Rather interesting (and rather long) interview with the Chairman of BitKeeper's Board highlighted on slashdot today. I'm a little short on time having read it, but I did want to share a pretty interesting quote.

JA: However, GPLed software comprises the majority of the quite successful GNU/Linux operating system. I have found that if I have problems with a program I'm using I don't have to fix them myself, instead once I track down the development team (often just one person) and report bugs, they are quickly fixed. Free of charge.

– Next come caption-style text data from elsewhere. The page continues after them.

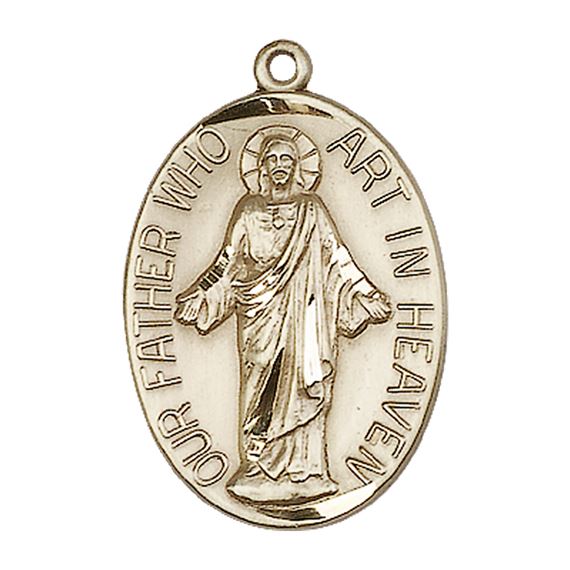 14KT GOLD OUR FATHER MEDAL - 1 1/8" x 3/4"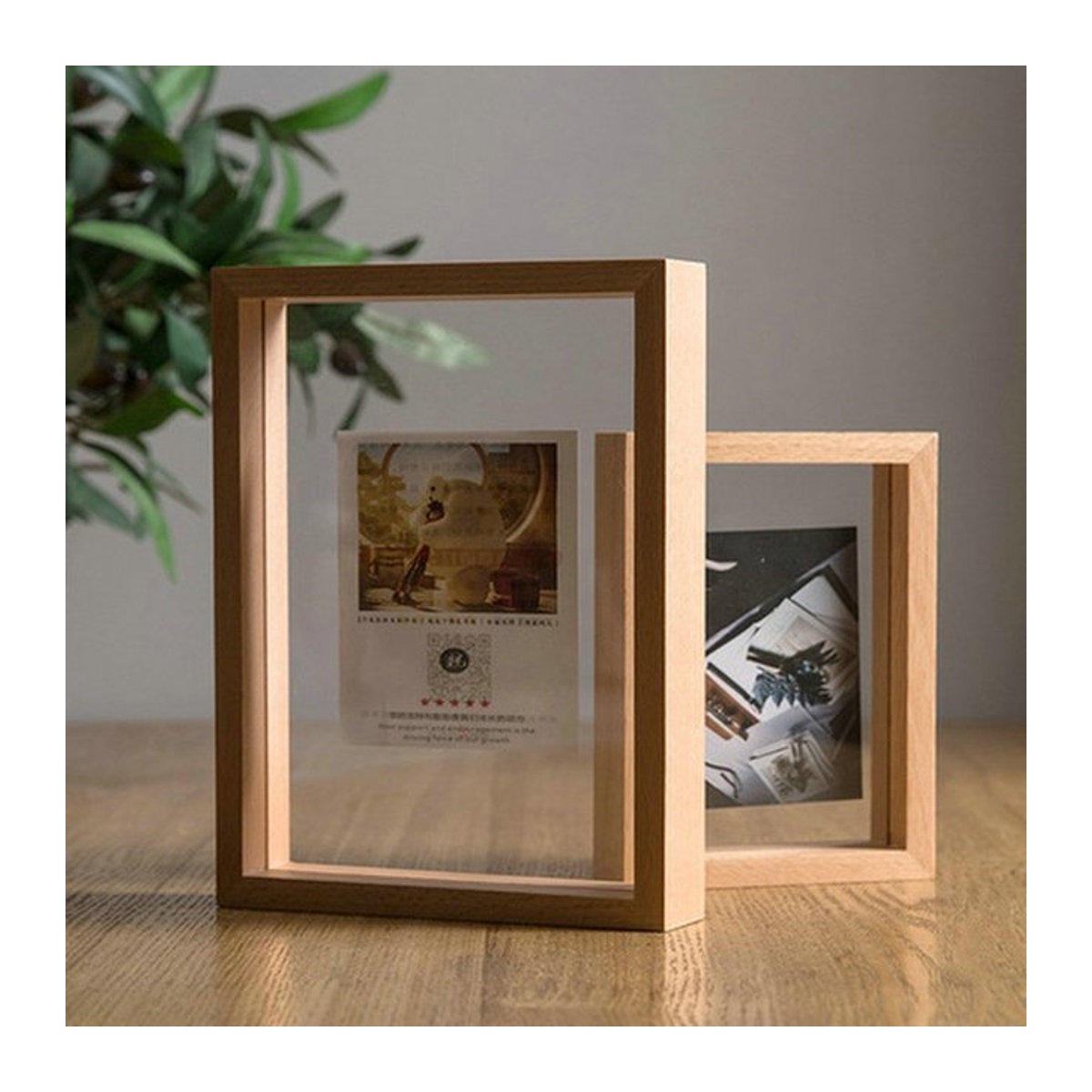VCC Bilderrahmen aus Holz in Braun, doppelseitiger Herbarium-Rahmen für gepresste Blumen, Tischdisplay, Rechteckig, B: 10,5 cm, H: 13,6 cm - Bild 1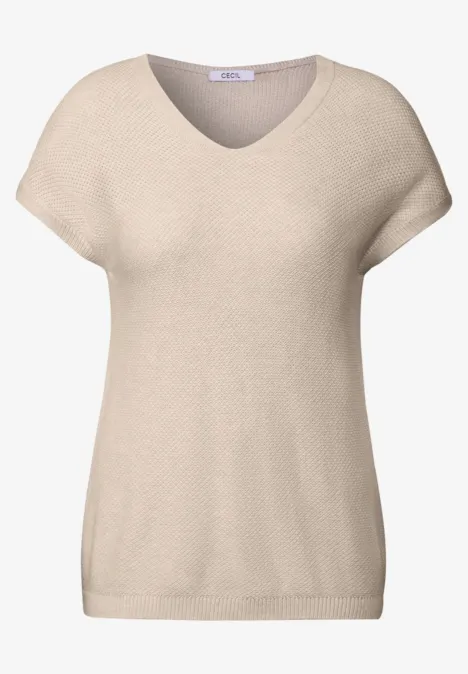 Mouwloze trui met structuur pearl beige mel. Mouwloze trui met structuur pearl beige mel.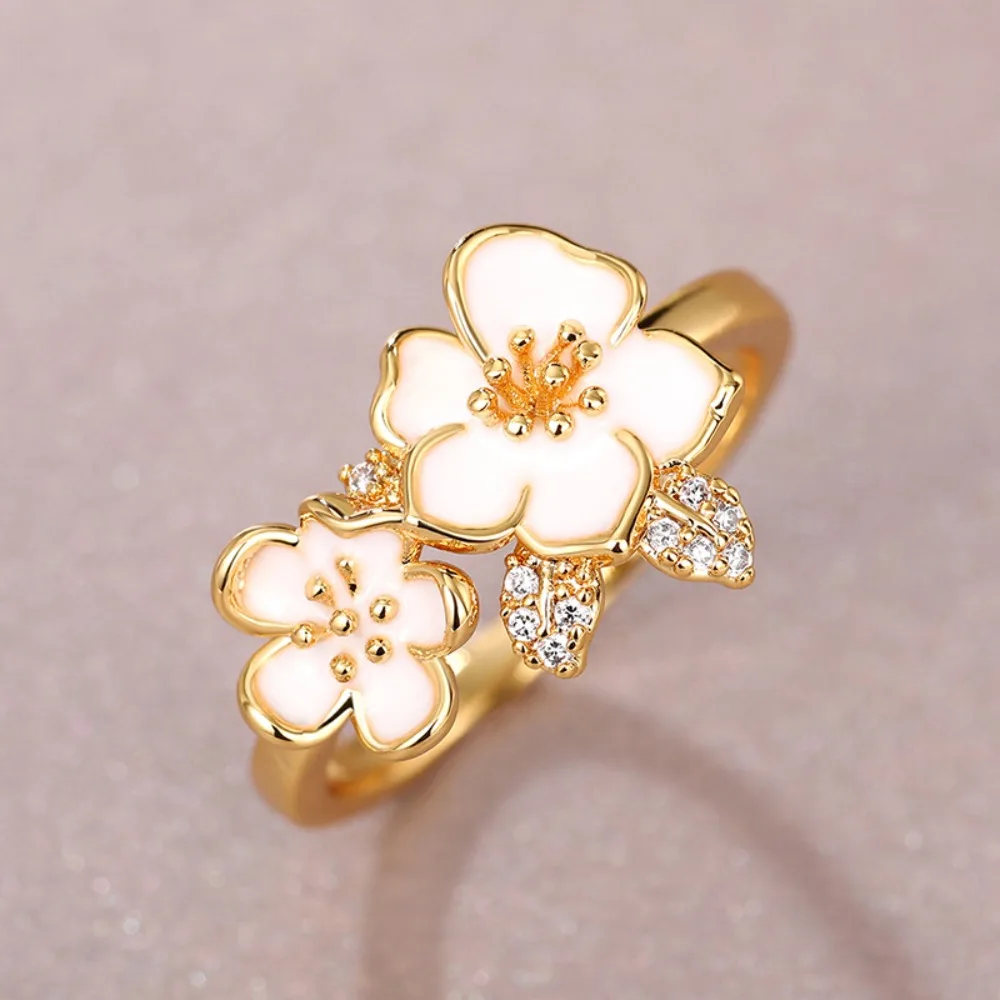Sweet Romantic Micro-inlay Zircon White Dripping Oil Camellia Flower Rings for Women Hypoallergenic Korean Exquisite Jewelry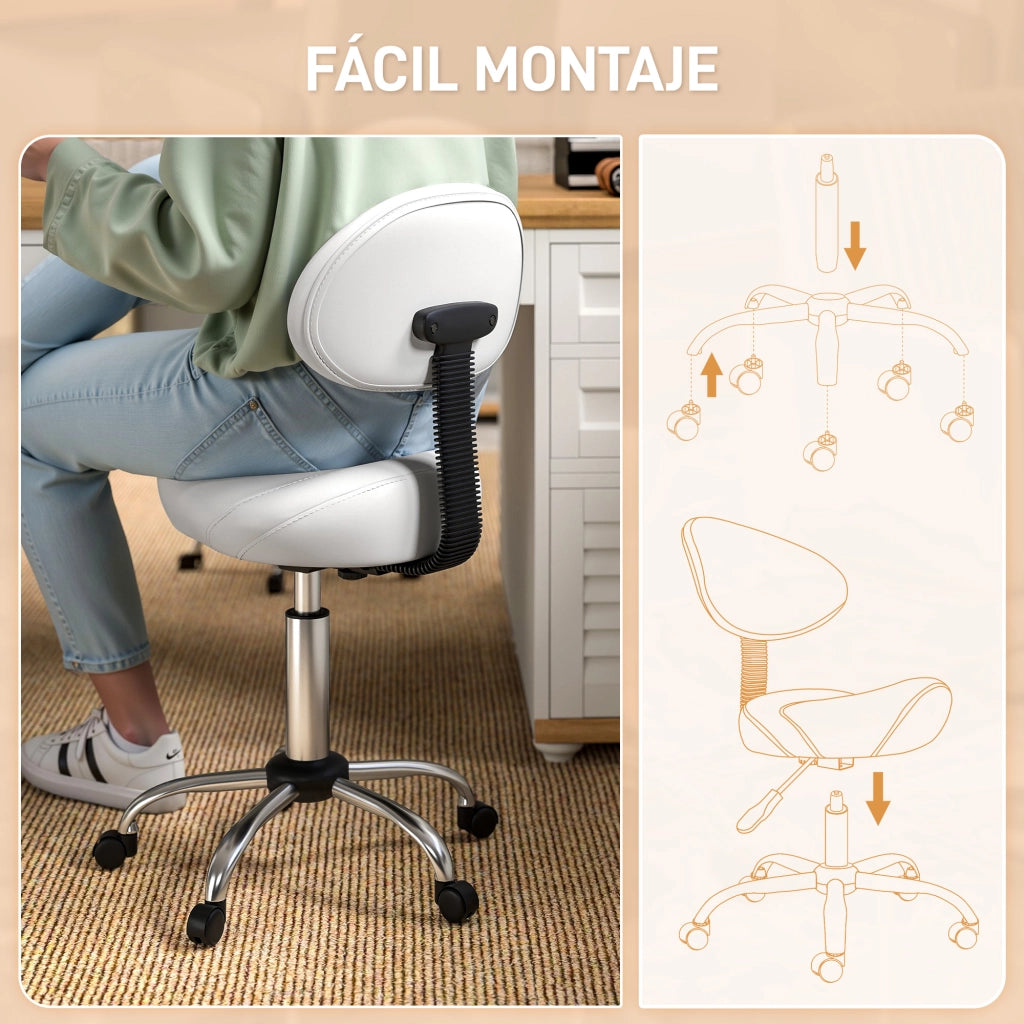 Sgabello Girevole con Schienale e Ruote ¨C zephmum ¨C 50x50x83-98cm Bianco
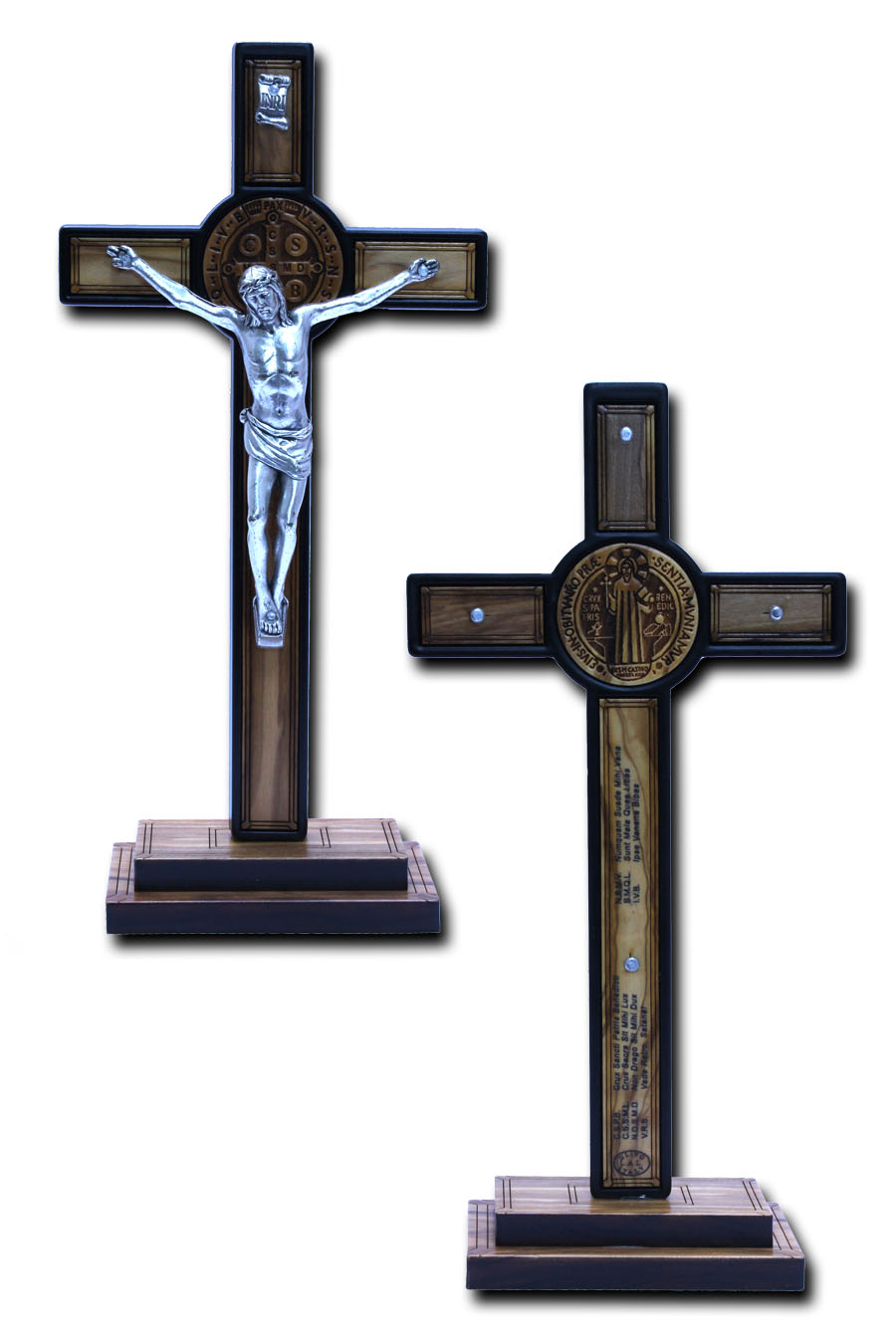 Crucifix with Saint Benedict Medal - BLACK - C5-115376B-BLK Made in Italy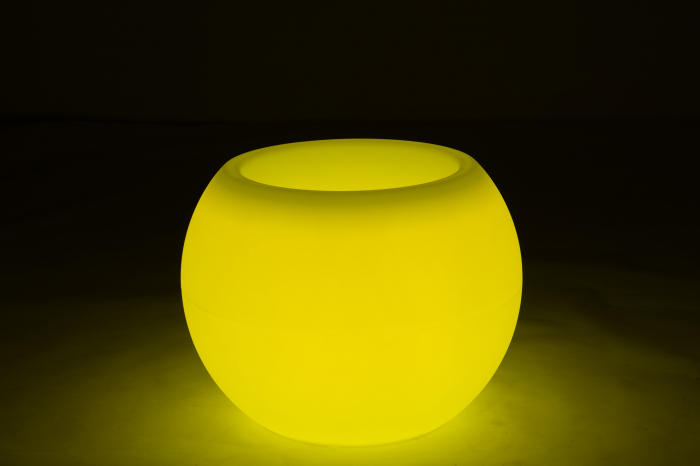 Veioza/Ghiveci Flowerpot, Plastic/Fibre sintetice, Alb/Multicolor, 54x54x43 cm [6]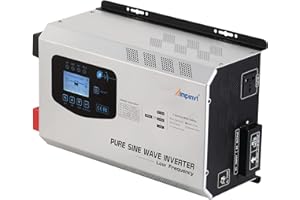 AMPINVT 3000W Peak 9000W Pure Sine Wave Power Inverter 3000 watts Continuous DC 12V AC to 110V RV Converter with Battery AC Charger LCD Display,Low Frequency Solar Inverter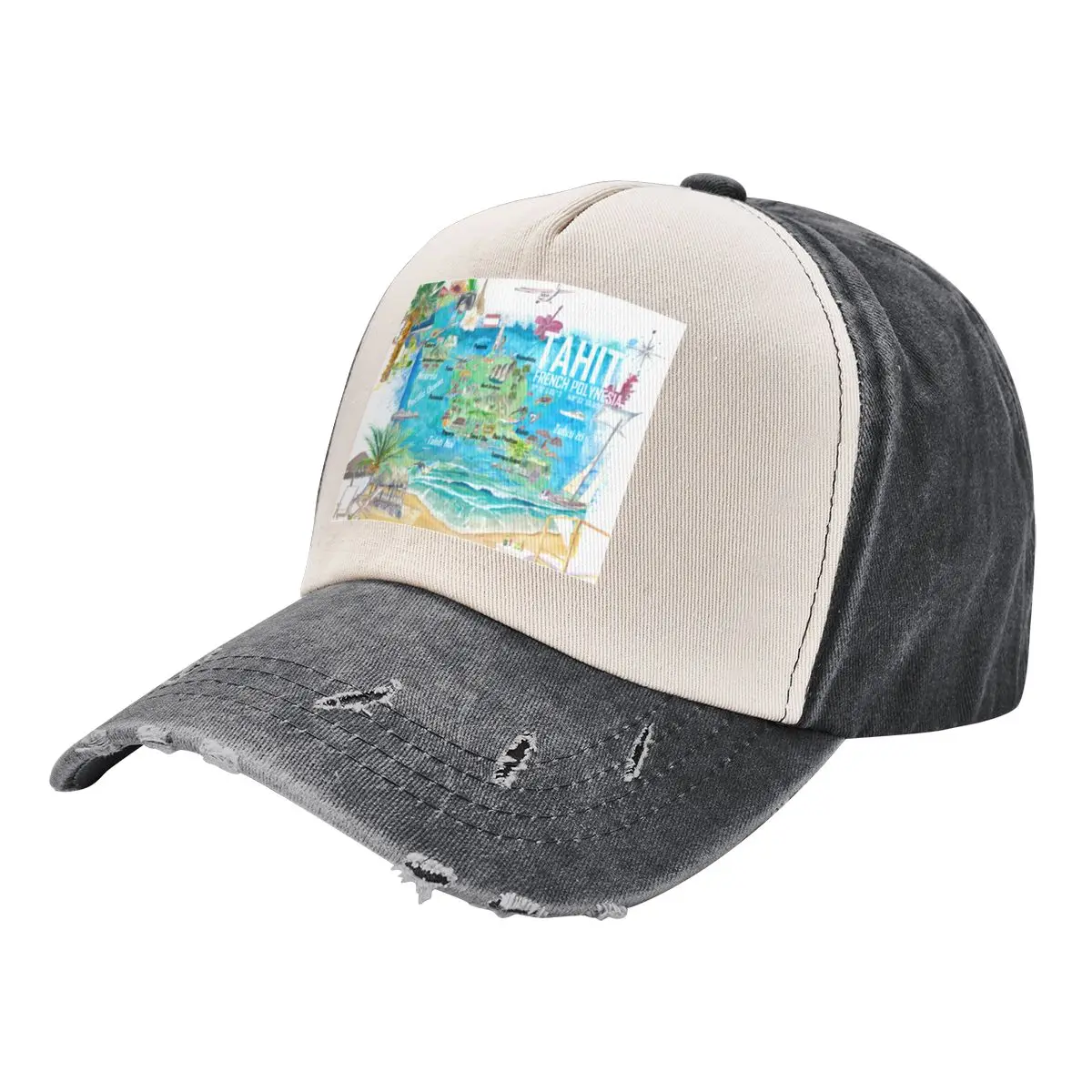 Tahiti Illustrated Travel Map with Roads and Highlights Baseball Cap Sunscreen Bobble Hat Hats For Women Men's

Larry McVoy: That really depends on what it is that you are reporting. I've certainly found that to be true for some projects, but go take a look at all the projects on sourceforge and view their activity. The vast majority of them are the first pass of the code, it sort of works, and now no one is working on it.

The problem is that coding is fun while it is fun, but when it isn't fun, there has to be some other reason to keep doing it. For a lot of projects, it's painfully clear that it became "not fun" and the project stopped. Browse the CVS repositories and you'll see what I mean.


Of course I'm guilty of this and have a nice-sized plateful of apps I'd like to finish up (if I ever get to stop 9-to-5ing...), but this does play into something I've been giving more thought lately. Apps eventually grow out of the perfectly written code and planned objects that they started out as, it seems. As you get closer to deadline or as others hack on the codebase in a non-modular fashion, your easy-to-follow, well thought out logic takes a dive.

I can't decide if this means the app has stopped being fun or whether it's telling you it's done and you're not making the same app you started building.

Of course there's the argument that Joel takes, which is that it's better to keep this behemoth with all of its everyday fixes around and hack it to do this new application's job (aka -- "Throw out Netscape 4 and watch your lead in the browser market disappear"). I'm just not sure I buy it, but I'm probably being idealistic.